Your Commercial: First Contact | KeyToSuccess.Blog

Your Commercial

by Brian Benedict
Entrepreneurs  differ on what they believe to be the most important element, although many professionals will argue that creating a solid business plan should definitely be the first step. A well-crafted business plan lays out all the details and strategies, includes projections for revenue and spending, and will be reviewed in detail by bankers and venture capitalists. But in fact, the most important document that should be created even before the business plan is your 30 second commercial.

The fact is, most people will not read a business plan unless they have been motivated to do so beforehand. Your personal commercial is that motivating factor. It’s the hook that gets them into the room. It’s the catchy jingle that gets people to pay attention to the ad. It’s the best parts of the business plan, without the boring details. Your commercial is the place for the excitement, not the place to include all the technology, buzzwords and explanations.

A personal commercial statement should be able to be condensed into a single-page presentation, short enough to be memorized, or read easily within a few minutes and short enough to be presented during the course of an elevator ride. The 30 second commercial condenses your profession into something that can be presented in about a minute or two. Essentially, the parts that really matter are the very essence of your confidence and non verbal skills.

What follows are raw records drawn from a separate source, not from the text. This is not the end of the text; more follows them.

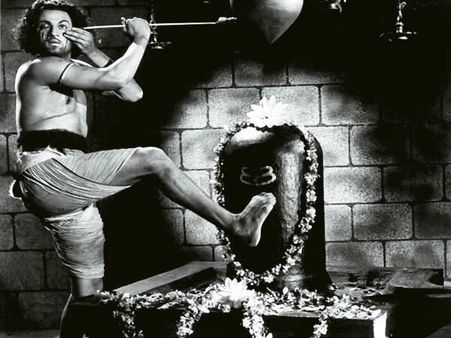 ರಾಜ್ ಕುರಿತ ಇನ್ನೊಂದಿಷ್ಟು ಇಂಟರೆಸ್ಟಿಂಗ್ ಸಂಗತಿಗಳು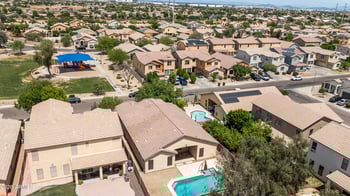 10203 Albeniz Pl, Tolleson, AZ 85353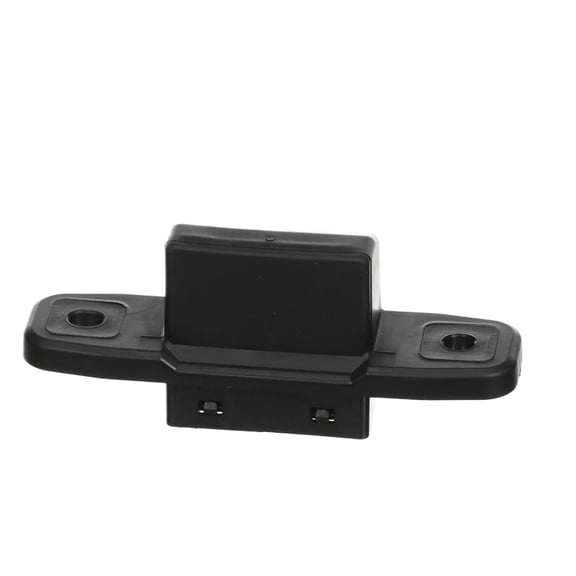 KD53-62-4B0 Car Trunk Tail Gate Release Open Button Rear Liftgate Door Hatch Switch For Mazda CX5 2012 2013 2014 2015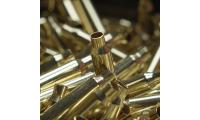 reloading_components.jpg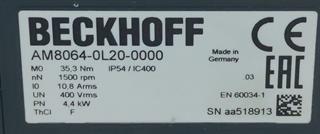 beckhoff-servomotor-am8064-0l20-0000-neuwertig-56231-1.jpg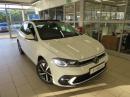 Thumbnail Volkswagen Polo 1.0 TSI Life DSG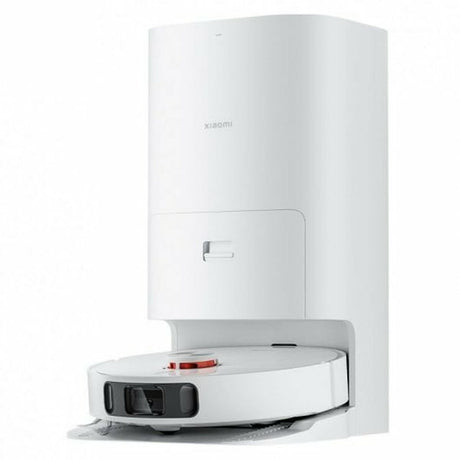 V6HC9F705674520969C0584F5A0757B204ER6429155P1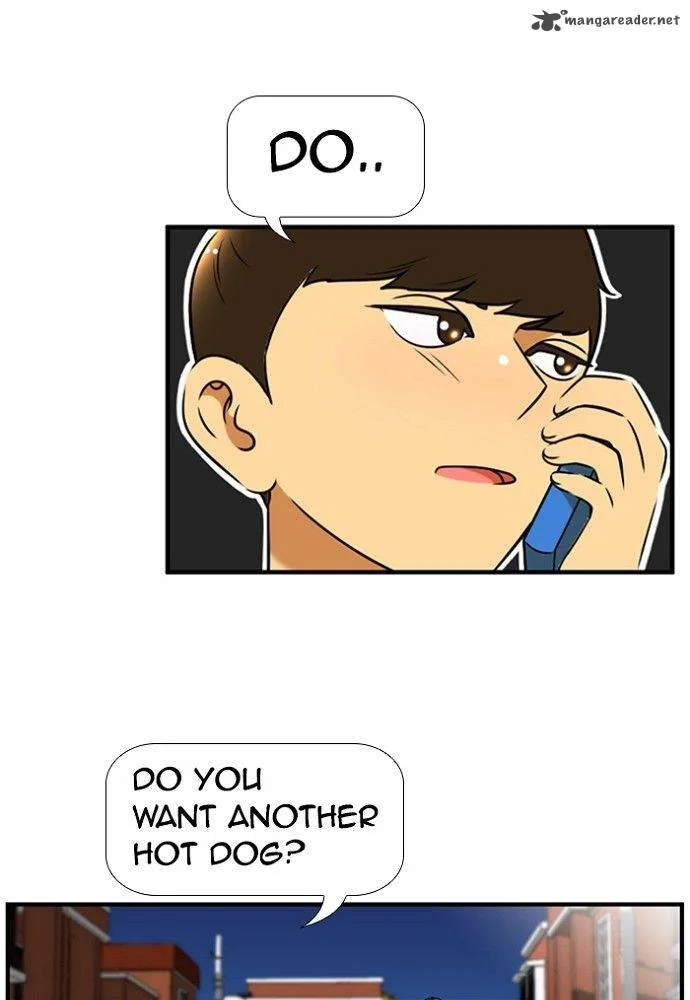 New Normal: Class 8 Chapter 159 page 8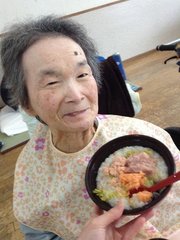 s2025.3.12 1.jpg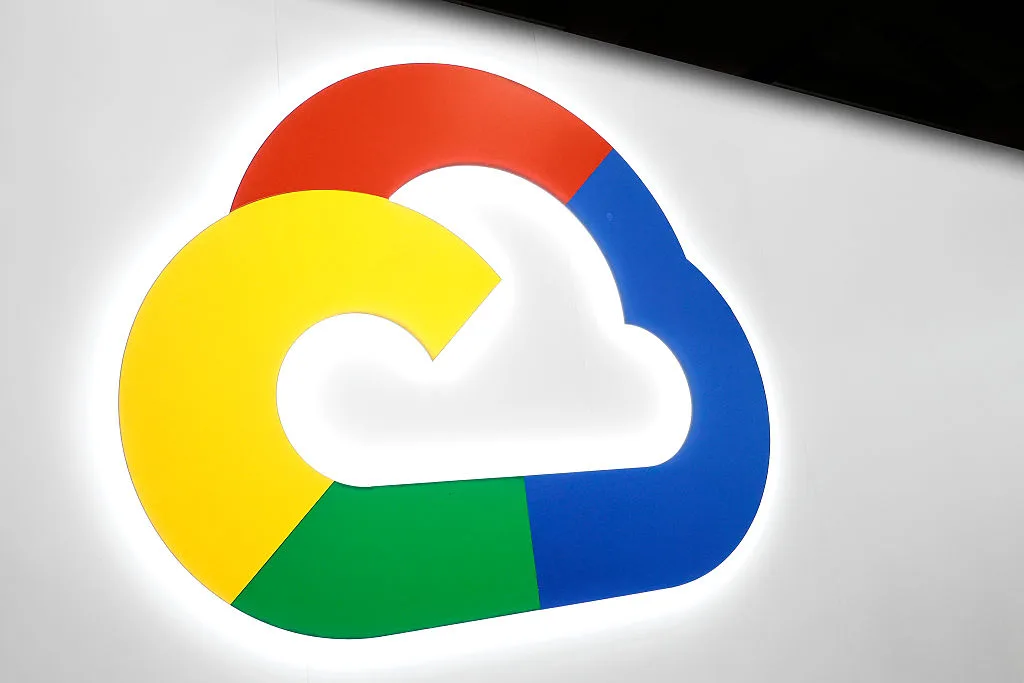 Google запустил платформу Gemini для создания агентов
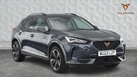 2022-cupra-formentor-15-tsi-v1-small-0
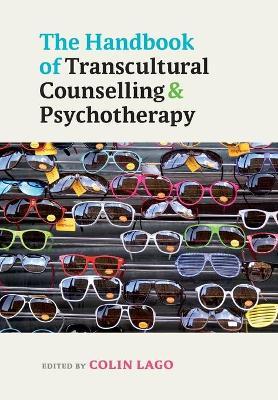 Handbook of Transcultural Counselling and Psychotherapy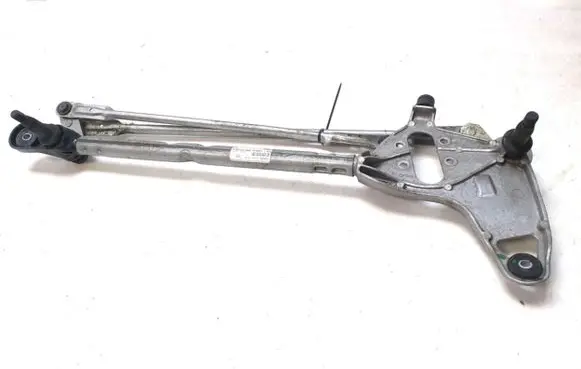 Ford Focus Front wiper linkage 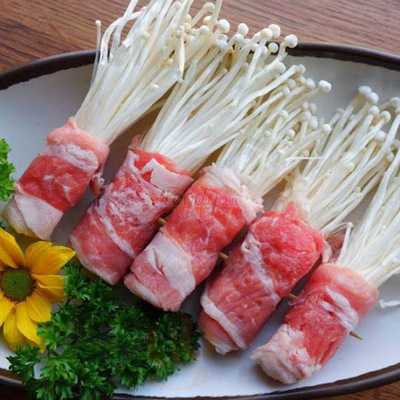 Bò Bít Tết Ngọc Xuân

The 30 second commercial skips the hard-core financials, and gets straight to the heart of what it is about the business that really gets you excited. That’s what this pitch is about.  You don’t need to prove yourself.  You just need to quickly give a power statement that connects easily and accurately as to what you want them to know about your profession.  The commercial that gets people interested.

Your personal commercial should be inspirational and creative, hitting the high points of your business or career, and should accomplish the following:

  • Hit the high points
  • Summarize the problem/solution aspect of your concept
  • Describe the business model and how is it going to make money?
  • Create excitement on the part of the reader/listener
  • Describe the profit potential without having to bring out charts and graphs
  • Tell why you/your company are well positioned to accomplish your goal
  • End with a call to action

The first couple sentences are the most critical, and should present your core concept. If you can’t tell what it is you want to do in two sentences or less, then you need to simplify your concept. There will be plenty of time to get into all the details later, once you’ve captured your audience’s interest.